On Mon, Jun 7, 2021 at 12:54 PM Kyotaro Horiguchi
<[hidden email]> wrote:
> At Sat, 5 Jun 2021 16:08:00 +0500, Abbas Butt <[hidden email]> wrote in
> > Hi,
> > I have observed the following behavior with PostgreSQL 13.3.
> > The WAL sender process sends approximately 500 keepalive messages per
> > second to pg_recvlogical.
> > These keepalive messages are totally un-necessary.
> > Keepalives should be sent only if there is no network traffic and a certain
> > time (half of wal_sender_timeout) passes.
> > These keepalive messages not only choke the network but also impact the
> > performance of the receiver,
> > because the receiver has to process the received message and then decide
> > whether to reply to it or not.
> > The receiver remains busy doing this activity 500 times a second.
> I can reproduce the problem.
> > On investigation it is revealed that the following code fragment in
> > function WalSndWaitForWal in file walsender.c is responsible for sending
> > these frequent keepalives:
> > if (MyWalSnd->flush < sentPtr &&
> > MyWalSnd->write < sentPtr &&
> > !waiting_for_ping_response)
> > WalSndKeepalive(false);
> The immediate cause is pg_recvlogical doesn't send a reply before
> sleeping. Currently it sends replies every 10 seconds intervals.
Yeah, but one can use -s option to send it at lesser intervals.
> So the attached first patch stops the flood.
I am not sure sending feedback every time before sleep is a good idea,
this might lead to unnecessarily sending more messages. Can we try by
using one-second interval with -s option to see how it behaves? As a
matter of comparison the similar logic in workers.c uses
wal_receiver_timeout to send such an update message rather than
sending it every time before sleep.
> That said, I don't think it is not intended that logical walsender
> sends keep-alive packets with such a high frequency. It happens
> because walsender actually doesn't wait at all because it waits on
> WL_SOCKET_WRITEABLE because the keep-alive packet inserted just before
> is always pending.
> So as the attached second, we should try to flush out the keep-alive
> packets if possible before checking pg_is_send_pending().
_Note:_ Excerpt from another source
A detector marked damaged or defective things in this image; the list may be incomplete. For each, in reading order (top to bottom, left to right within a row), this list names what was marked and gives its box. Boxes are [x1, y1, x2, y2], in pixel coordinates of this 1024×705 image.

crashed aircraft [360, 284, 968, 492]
/* Send keepalive if the time has come */
+ /* We may have queued a keep alive packet. flush it before sleeping. */
We already call pq_flush_if_writable() from WalSndKeepaliveIfNecessary
after sending the keep-alive message, so not sure how this helps?
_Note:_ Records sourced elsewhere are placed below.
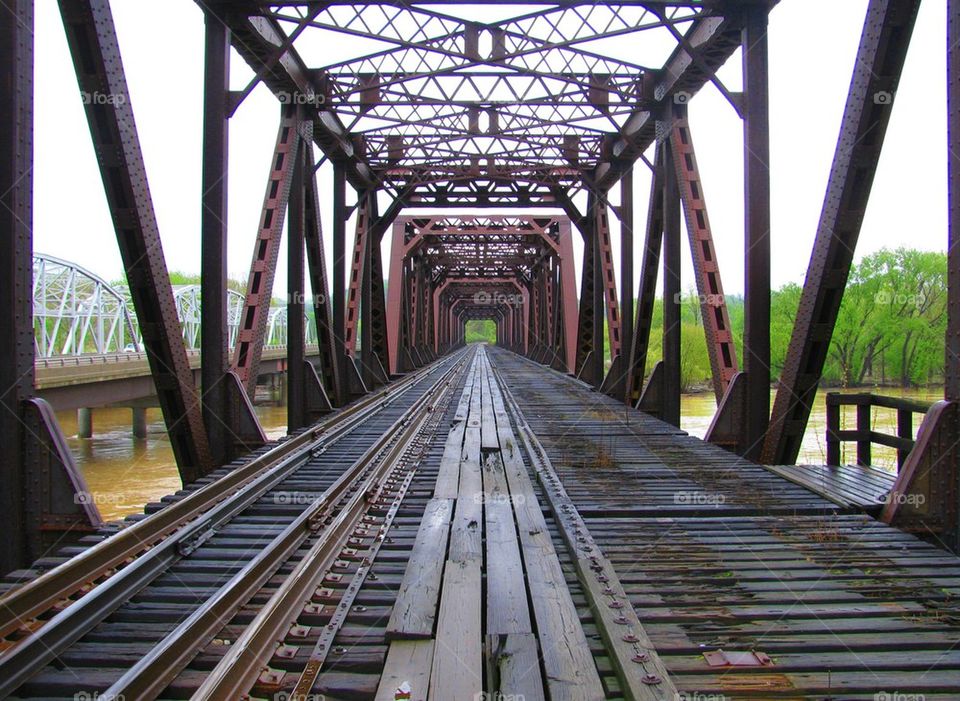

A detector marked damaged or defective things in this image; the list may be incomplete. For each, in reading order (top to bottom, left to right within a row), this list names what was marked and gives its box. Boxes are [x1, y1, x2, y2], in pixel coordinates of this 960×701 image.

rusty steel beam [60, 0, 212, 482]
rusty steel beam [201, 12, 232, 464]
rusty steel beam [232, 106, 300, 396]
rusty steel beam [628, 142, 664, 404]
rusty steel beam [668, 112, 744, 402]
rusty steel beam [764, 1, 924, 470]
On Wed, Jun 9, 2021 at 1:47 PM Kyotaro Horiguchi
<[hidden email]> wrote:
> At Wed, 9 Jun 2021 11:21:55 +0900, Kyotaro Horiguchi <[hidden email]> wrote in
> > The issue - if actually it is - we send a keep-alive packet before a
> > quite short sleep.
> > We really want to send it if the sleep gets long but we cannot predict
> > that before entering a sleep.
> > Let me think a little more on this..
> After some investigation, I find out that the keepalives are sent
> almost always after XLogSendLogical requests for the *next* record.
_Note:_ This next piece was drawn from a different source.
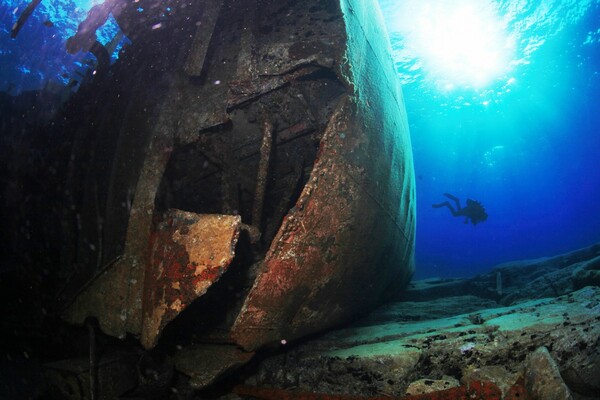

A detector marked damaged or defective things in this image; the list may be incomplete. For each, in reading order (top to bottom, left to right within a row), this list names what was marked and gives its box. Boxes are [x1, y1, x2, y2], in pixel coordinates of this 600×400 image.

rusty metal [141, 211, 241, 348]
broken ship structure [55, 0, 412, 388]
Does these keepalive messages are sent at the same frequency even for
subscribers? Basically, I wanted to check if we have logical
replication set up between 2 nodes then do we send these keep-alive
messages flood? If not, then why is it different in the case of
pg_recvlogical? Is it possible that the write/flush location is not
updated at the pace at which we expect? Please see commit 41d5f8ad73
which seems to be talking about a similar problem.
On Thu, Jun 10, 2021 at 11:42 AM Kyotaro Horiguchi
<[hidden email]> wrote:
> At Thu, 10 Jun 2021 15:00:16 +0900 (JST), Kyotaro Horiguchi <[hidden email]> wrote in
> > At Wed, 9 Jun 2021 17:32:25 +0500, Abbas Butt <[hidden email]> wrote in
> > >
> > > On Wed, Jun 9, 2021 at 2:30 PM Amit Kapila <[hidden email]> wrote:
> > > > Is it possible that the write/flush location is not
> > > > updated at the pace at which we expect?
> > Yes. MyWalSnd->flush/write are updated far frequently but still
> > MyWalSnd->write is behind sentPtr by from thousands of bytes up to
> > less than 1 block (1block = 8192 bytes). (Flush lags are larger than
> > write lags, of course.)
> For more clarity, I changed the previous patch a bit and retook numbers.
> Total records: 19476
> 8: 2 / 4 / 2: 4648 / 302472
> 16: 5 / 10 / 5: 5427 / 139872
> 24: 3006 / 6015 / 3028: 4739 / 267215
> 187: 2 / 0 / 50: 1 / 398
> While a 10 seconds run of pgbench, it walsender reads 19476 records
> and calls logical_read_xlog_page() 3028 times, and the mean of write
> lag is 4739 bytes and flush lag is 267215 bytes (really?), as the
> result most of the record fetch causes a keep alive. (The WAL contains
> many FPIs).
Good analysis. I think this analysis has shown that walsender is
sending messages at top speed as soon as they are generated. So, I am
wondering why there is any need to wait/sleep in such a workload. One
possibility that occurred to me RecentFlushPtr is not updated and or
we are not checking it aggressively. To investigate on that lines, can
you check the behavior with the attached patch? This is just a quick
hack patch to test whether we need to really wait for WAL a bit
On Fri, Jun 11, 2021 at 7:07 AM Kyotaro Horiguchi
<[hidden email]> wrote:
> At Thu, 10 Jun 2021 12:18:00 +0530, Amit Kapila <[hidden email]> wrote in
> > Good analysis. I think this analysis has shown that walsender is
> > sending messages at top speed as soon as they are generated. So, I am
> > wondering why there is any need to wait/sleep in such a workload. One
> > possibility that occurred to me RecentFlushPtr is not updated and or
> > we are not checking it aggressively. To investigate on that lines, can
> > you check the behavior with the attached patch? This is just a quick
> > hack patch to test whether we need to really wait for WAL a bit
> > aggressively.
> Yeah, anyway the comment for the caller site of WalSndKeepalive tells
> that exiting out of the function *after* there is somewhat wrong.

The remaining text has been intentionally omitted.